Nazionale di calcio: guai accontentarsi!

Di Omar Gargantini

Ve la ricordate Sandra Mondaini? “Uffa che noia, uffa che barba, sempre la solita storia”, diceva più o meno così, prigioniera dei ritmi abitudinari e ormai sempre più insofferente all’assuefazione. Già, non c’è nulla di peggio della ripetitività: ti logora e ti toglie emozioni. Ecco, quando penso alla nazionale è un  po’ questo che provo: dal 2004 ci siamo abituati (bene, questo lo concedo) ad essere sistematicamente seduti al tavolo delle grandi, a partecipare cioè sempre alle fasi finali dei grandi tornei. Ma proprio per questo è ovvio, umano e fisiologico alzare l’asticella delle ambizioni e sperare in qualcosa di più. Che però, accipicchia, non arriva mai. Sempre fuori agli ottavi di finale, è questo il fastidioso ritornello che ormai è una litania. Gli ottavi sono la nostra frontiera invalicabile, una vera ossessione: e passi se a batterti è l’Argentina, come accaduto in Brasile nel 2014, mentre se a farti fuori sono Polonia e Svezia, beh, chi si dice comunque contento secondo me sconfina nell’ipocrisia. Non puoi essere contento: specie se ogni volta vedi un outsider capace di fare l’”impresa”, di arrivare laddove tu non arrivi mai. Il Galles, semifinalista dell’ultimo Europeo ad esempio.

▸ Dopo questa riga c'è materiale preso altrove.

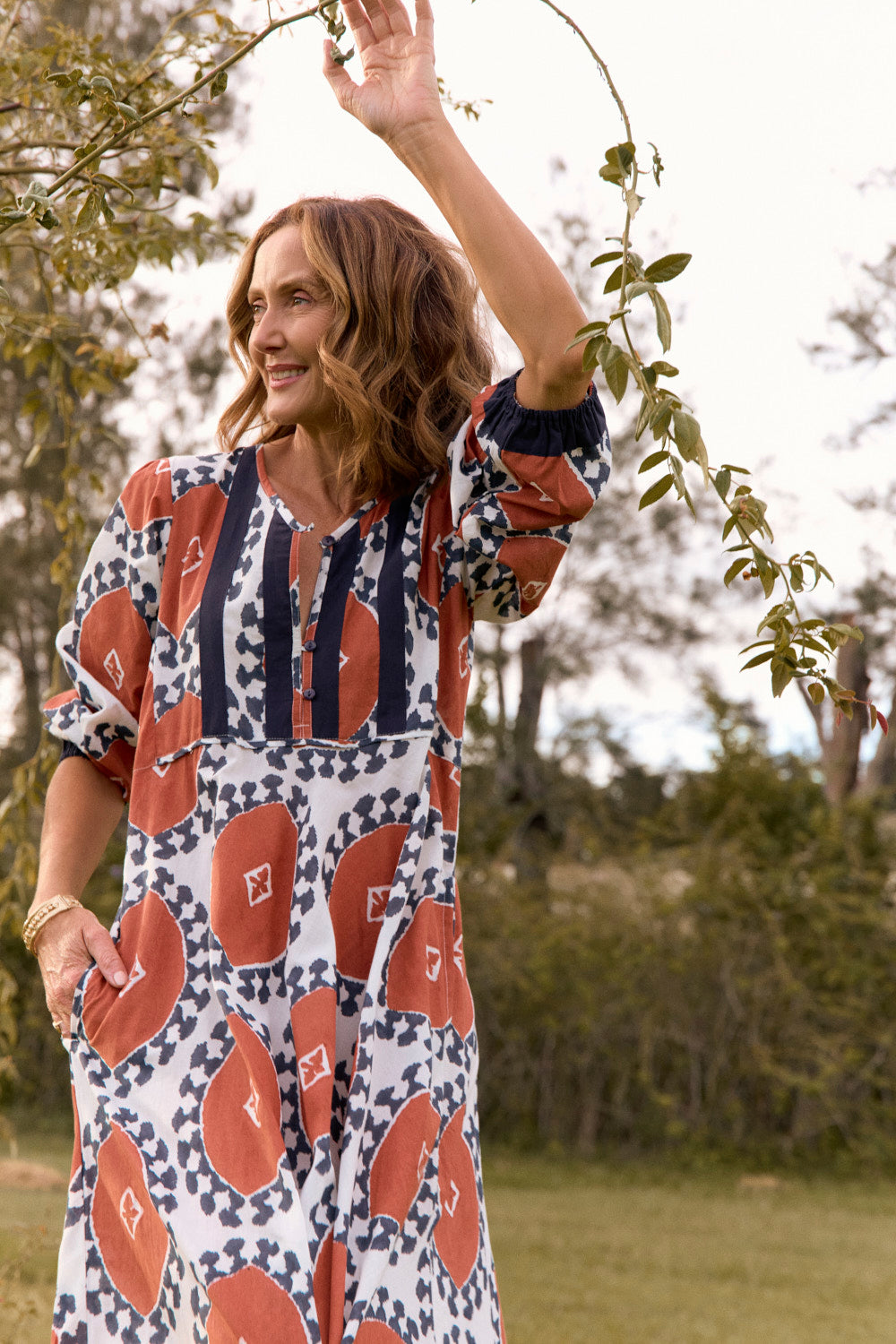 Woman in a patterned dress standing outdoors with trees in the background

Il problema, anzi uno dei problemi, è che noi fuoriclasse (quelli che in tempi moderni si chiamano top-player, come se usare l’inglese renda meglio l’idea) non ne abbiamo. Non ne abbiamo ora e purtroppo non ne abbiamo mai avuti: il nostro settore della formazione sforna bravi scolaretti disciplinati, attenti e ligi, ma sono evidentemente tutti troppo incanalati e ghettizzati. A scapito del talento, dell’imprevedibilità e di quella sana follia che spesso e volentieri fa la differenza nei contesti di maggior equilibrio, come lo sono le sfide ad eliminazione diretta ad alto livello. I nostri sono buoni giocatori, ma di fenomeni nemmeno l’ombra. Shaqiri sta collezionando panchine e tribune e siccome era già accaduto al Bayern prima del Liverpool vuol dire che non vale quei livelli, Xhaqa è sopravvalutato come pochi ed è quasi sempre il primo ad arrendersi quando le cose si mettono male, Seferovic è umorale e il suo score in rossocrociato è emblematico, i difensori appena ci si azzarda ad etichettarli come forti se non fortissimi si siedono.

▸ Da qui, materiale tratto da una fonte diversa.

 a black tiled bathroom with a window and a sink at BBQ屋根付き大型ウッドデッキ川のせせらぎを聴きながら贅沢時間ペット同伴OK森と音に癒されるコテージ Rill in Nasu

Vista così, questa straordinaria capacità di esserci sempre è motivo di vanto, ma la stabilità e la continuità rubano la scena all’exploit che ti spinge nella storia. Quello che aspettiamo invano dal 1954 (quando peraltro il quarto era il primo turno ad eliminazione diretta…). Uffa che noia uffa che barba, di queste campagne lineari e senza brividi ci siamo un po’ stufati e se qualcuno la definisce ingratitudine fa niente. Baratterei immediatamente una mancata qualificazione in cambio di un grande risultato all’edizione successiva.
Oltretutto, c’è la sensazione che questa nazionale non faccia l’unanimità nemmeno nel pubblico: non è amata come lo era quella di Hodgson o di Kuhn. Non c’è più quell’orgogliosa identificazione che ti procurava le farfalle allo stomaco ad ogni partita. Non arrivo a dire che sia senz’anima, ma insomma, certe prestazioni vuote (come con la Svezia all’ultimo Mondiale) e certi atteggiamenti non sono piacevoli.
Insomma, ci dobbiamo accontentare, a quanto pare: mentre gli altri, a turno, si tolgono sfizi e soddisfazioni che noi possiamo solo sognare. Si, esserci è bello, ma dopo dieci bistecche vuoi mettere un filetto che si scioglie in bocca?